Punters throughout Australia could wander down to the local and be treated to sweaty, rowdy rock’n’roll from the likes of The Church, AC/DC, Cold Chisel, Painters and Dockers, Goanna, Midnight Oil, and a host of lesser known but hard-working rock bands. These were the glory days of pub rock.
It wasn’t a glamorous life for most of the bands and the pub rock scene had its issues – big agencies run by a handful of wealthy promoters had a stranglehold on who was in or out, and if you were a woman or not traditionally masculine enough, you were pretty much out by default. But it was a scene that supported working musicians playing for working people, drawn along by the love of the crowd and the hope of winning a record deal. During this pub rock heyday, there was a vibrant music scene by and for working class people in Australia.
But by the mid-90’s all that had changed. These days musos are lucky to get one paid gig a week and it’ll probably be a door deal, a miniscule cut of bar takings, or a tiny amount that barely covers the fuel it took to get there. The scene is more diverse now and that’s good, but the idea that bands playing original music could make a steady living seems like a pipe dream today.
Likewise, punters are worse served. There are still great gigs going on, especially in Melbourne, but music venues are much more centralised. People jam into tiny, overpriced city bars rather than the ‘beer barns’ of the 80’s. In the suburbs, you’d be lucky to hear a bottom-shelf covers band at your local. Today most suburban pubs are filled with the endless dings of soul-sucking pokies where once the air was alive with music.
So, what happened – how did pub rock die? The main culprits were increased enforcement of drink driving laws, local councils boosting regulations on pubs and clubs, and the rise of the pokies.
Random breath tests heavily targeted working-class establishments perceived as rowdy and lawless. This helped with road casualties of course, but there’s no denying it also carved a big dent in attendance at gigs where sinking some beers was as important as the music itself.
Increased regulations around noise pollution had an even bigger impact. Suburban and inner-city venues alike were suddenly faced with the prospect of having to fork out huge sums of money to soundproof their venues or else face fines. Many decided it wasn’t worth the cost and looked for other ways to get people in and get their money. Poker machines were a profitable solution and sealed the fate of the old pub rock scene.
Pokies had been in Australia since 1900 but they were only really played in casinos or specific clubs in New South Wales. Starting in the 90’s pokies regulation started to loosen. By 2000, poker machines could be played outside casinos in every state and territory, and today Australia has 21% of the world’s high-intensity poker machines, allowing up to $100 to be bet on each push of the button.

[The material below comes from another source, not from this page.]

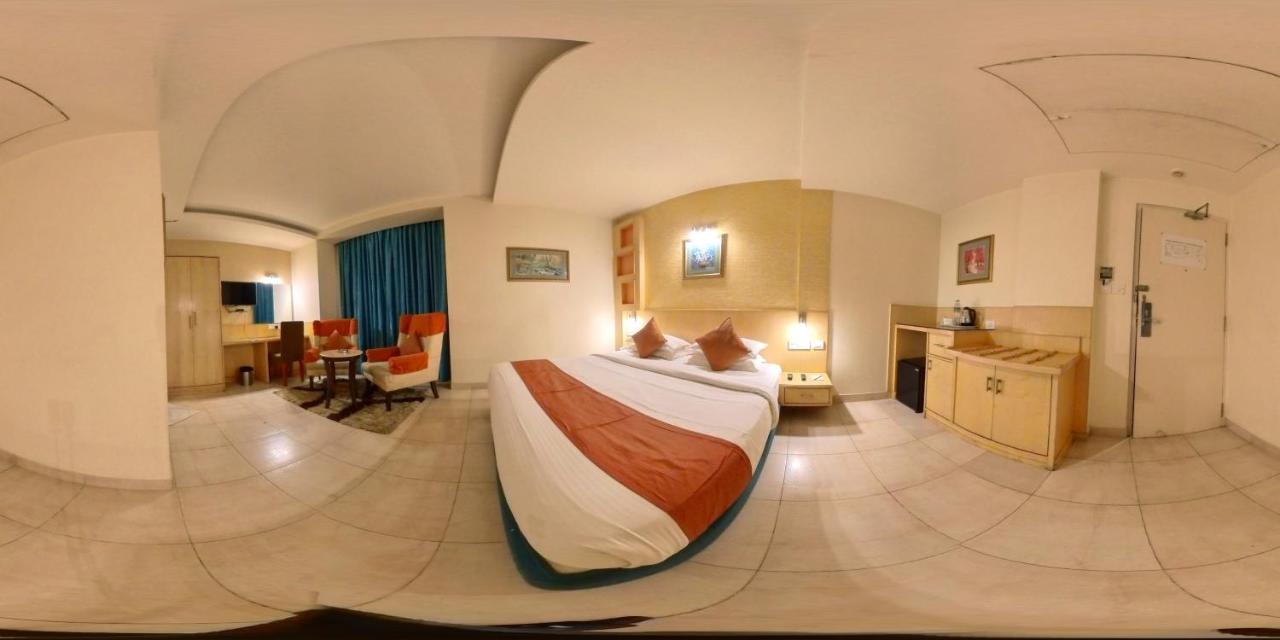 Hotel Silicrest Bangalore Dış mekan fotoğraf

Once installed, poker machines print money for both venue owners and state governments. Profit rates over $100,000 per machine are not uncommon. Why go through all the trouble of booking, advertising, and paying for live entertainment when something so low-cost and lucrative was available? It was too good for most to ignore. Today, the very room where Bon Scott made his last live appearance in Australia is packed wall-to-wall with pokies, and so are almost all the rooms where pub rock once thrived.
This was a double theft; the pokies first robbed working-class areas of a lively music scene, then simply robbed them. Poker machines ended up concentrated exactly where the pub rock scene had been – in working-class neighbourhoods where daily money struggles make the possibility of a jackpot very tempting, and gambling addiction a much bigger problem. Lower income areas with less college educated residents have far more pokies and far greater losses per person.

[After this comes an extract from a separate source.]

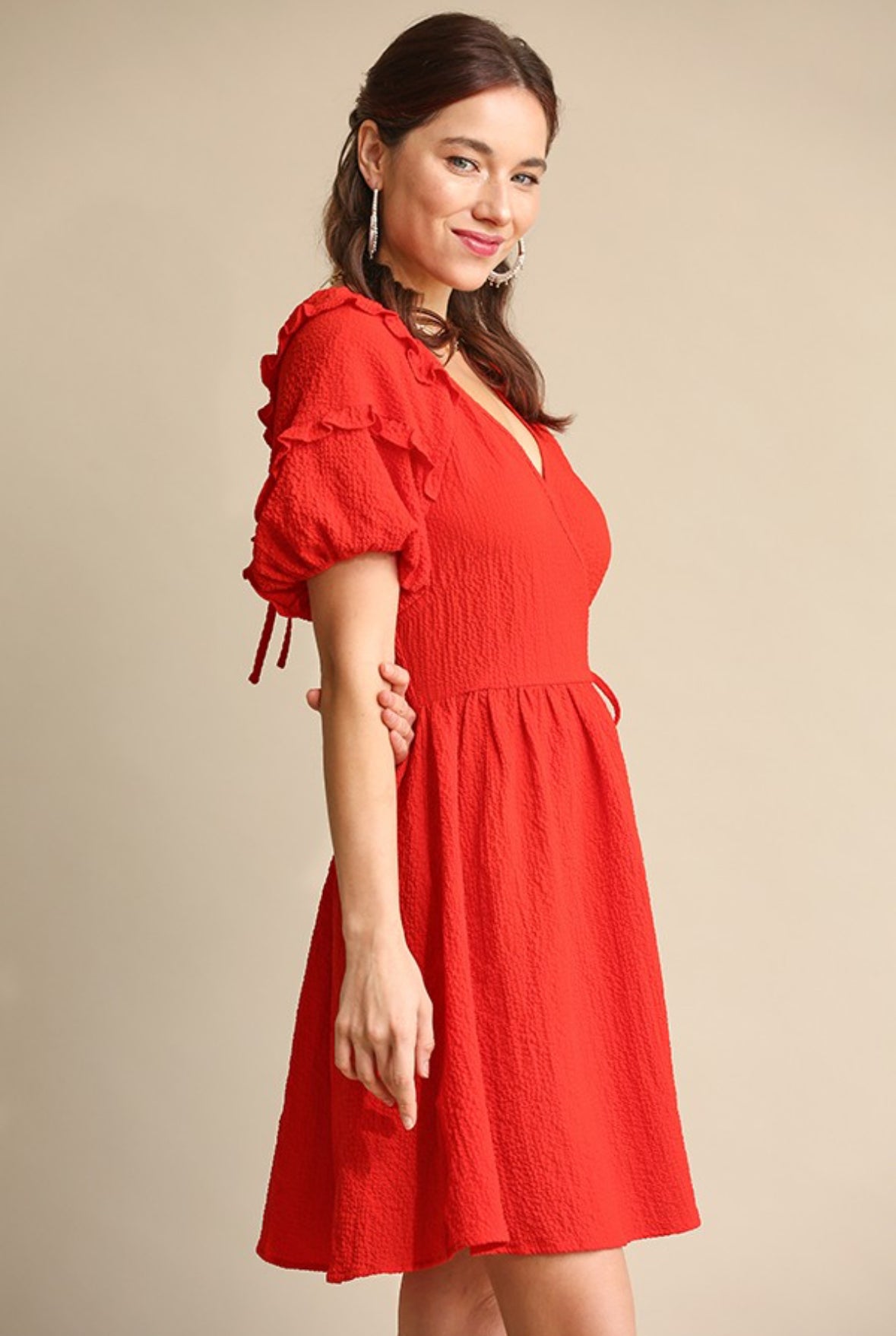 Red Hot Revival Dress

For example, in the Sydney suburb of Fairfield with an average weekly income of $1222 where 11% of people have a degree, there are five poker machines per household and an average household pokies loss of $5668 per year. In wealthy Ku-ring-gai, where weekly income is $2640 a week and 48% have a degree, the picture is very different – less than one poker machine per household, and average household losses of just $23 a year.
This pattern repeats everywhere pokies are widespread. Considering profits from pokies are shared between state governments and big businesses, the pokies are funnelling hard-earned money from the poor and powerless to the wealthy and powerful.

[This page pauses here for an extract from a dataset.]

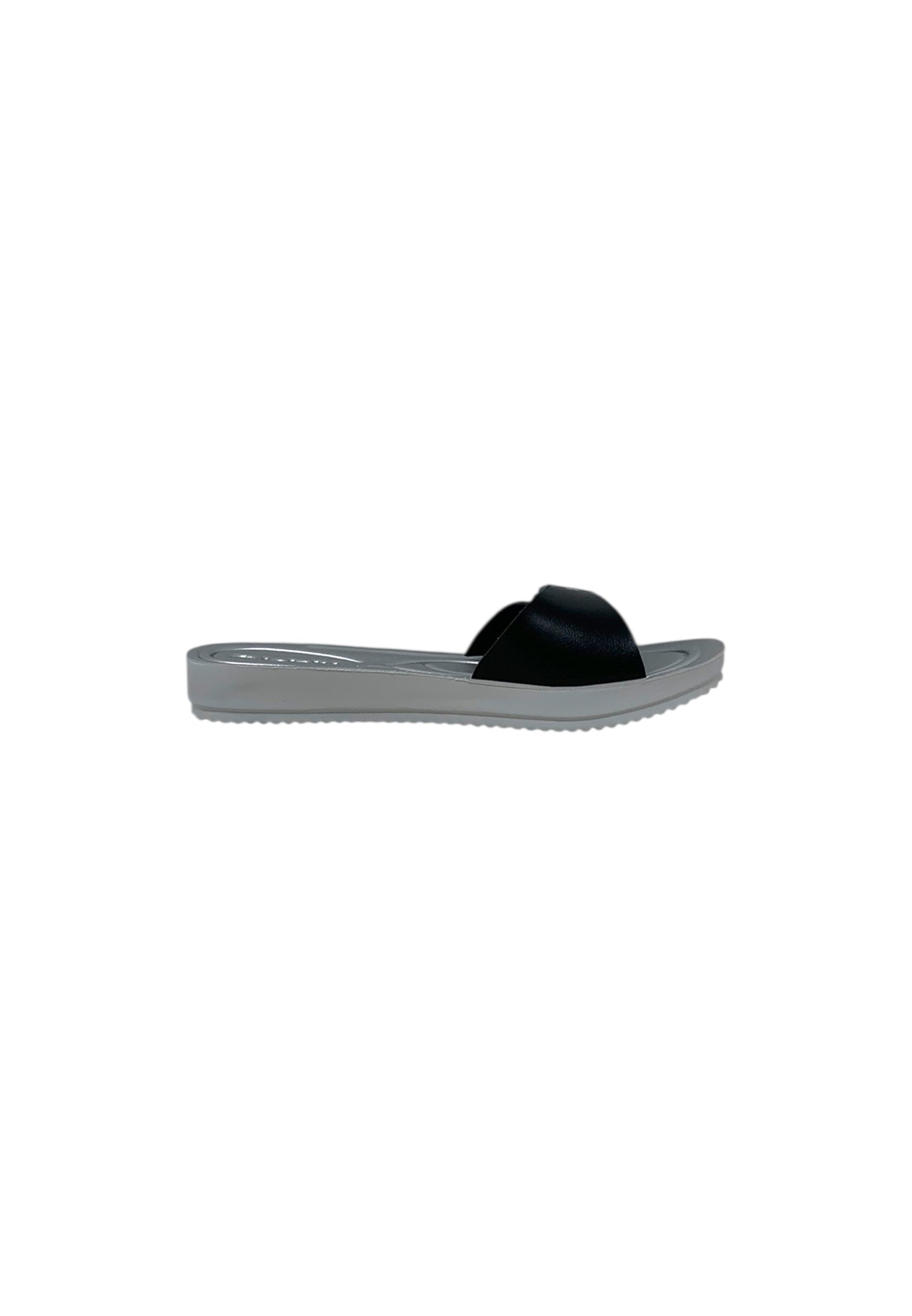 Ciabatta INBLU BM000072 NERO donna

So, how would things be different under socialism? For one thing, the issues that doomed pub rock – and related issues that make it almost impossible to be a working musician today – mostly related to capitalist relations.
The social issue of balancing cultural events against noise complaints was pushed onto private business owners instead of being worked through collectively. Private business owners, caged by the profit motive, took the path that kept them in the black financially.
Likewise, despite the massive and obvious harms of pokies, private interests successfully pushed for their deregulation. In the same way, venues that still host live music today will only do so if it doesn’t affect their often-thin profit margins. So unpaid and low-paid gigs are the norm.
Eliminating capitalist social relations would allow fuller support for the arts. For dedicated musicians, regular pay according to work done. For hobbyists or developing artists, economic planning would yield much more free time to balance their creative and working lives. Not to mention free, well-resourced education for all, allowing far more people to develop their musical skills than under the restrictive conditions of capitalist education.
All of this will help realise Marx’s goal – paraphrased a little – of a “communist society [in which] society regulates the general production and thus makes it possible for me … to hunt in the morning, fish in the afternoon, rear cattle in the evening, rock’n’roll after dinner, just as I have a mind, without ever becoming hunter, fisherman, herdsman or rocker.”